Muchas personas parece que sabemos qué es lo mejor para los demás y nos comunicamos con una rotundidad que deja al resto de opciones anuladas, como si el mero hecho de planteárselas sea absurdo. Yo estoy tanto de un lado como del otro: dejándome llevar o queriendo llevar a otros. Si descubro algo que me funciona, me entusiasmo y lo quiero compartir. En principio nada que objetar: es natural querer compartir algo cuando estás apasionado y convencido de que funciona. El problema es no tener en cuenta que no todas somos iguales, que lo que me funciona a mí no tiene por qué funcionarte a ti. Y que, en última instancia, lo que nos funciona hoy puede dejarnos de funcionar mañana. Y de que, aunque les pese a muchos, las verdades absolutas —si existen— no están al alcance de simples mortales.

La libertad no es cómoda, pero merece el esfuerzo

Me fascina el hecho de que por alguna extraña razón —quizás pereza, quizás miedo— buscamos reducir la vida a verdades absolutas que se puedan aplicar a todo el mundo y en todos los contextos por igual. Y aunque la idea de que esas verdades existan parece producirnos satisfacción, su infructuosa búsqueda nos genera gran frustración e infelicidad. La realidad es tozuda y me demuestra a cada instante que no hay clavo al que aferrarme eternamente. La libertad no es cómoda, desde luego, requiere un esfuerzo importante, pero es fuente última de verdadera satisfacción y autoconocimiento.

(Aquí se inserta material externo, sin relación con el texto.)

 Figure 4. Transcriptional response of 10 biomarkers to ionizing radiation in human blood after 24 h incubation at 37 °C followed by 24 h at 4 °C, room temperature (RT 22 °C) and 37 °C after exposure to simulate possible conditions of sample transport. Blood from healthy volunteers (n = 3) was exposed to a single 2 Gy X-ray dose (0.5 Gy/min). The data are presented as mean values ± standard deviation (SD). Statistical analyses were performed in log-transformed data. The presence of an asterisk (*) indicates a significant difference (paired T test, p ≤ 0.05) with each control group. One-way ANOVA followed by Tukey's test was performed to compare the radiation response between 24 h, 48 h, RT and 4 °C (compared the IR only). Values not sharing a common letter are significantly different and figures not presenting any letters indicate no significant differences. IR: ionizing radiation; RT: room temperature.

Para mí es de vital importancia la existencia de santuarios u oasis interiores donde pararme a contactar conmigo mismo, a sentir si lo que estoy haciendo es lo que quiero hacer; a reflexionar con calma, alejado de la vorágine, sobre qué significan las cosas que me pasan. Porque la única libertad que conozco está alejada de los millones de opciones a la hora de comprar o de las muchas posibilidades vacías de contenido significativo para mí. Y aquí tampoco me sirve aplicar el minimalismo si no tengo un criterio claro y propio. La verdadera libertad, para mí, está imbricada en la profunda importancia de lo que hay en juego. Y su coste es romper el vínculo que me une al mundo, para volver a crearlo de nuevo, fresco, adaptado a mi nueva forma, en eterno cambio.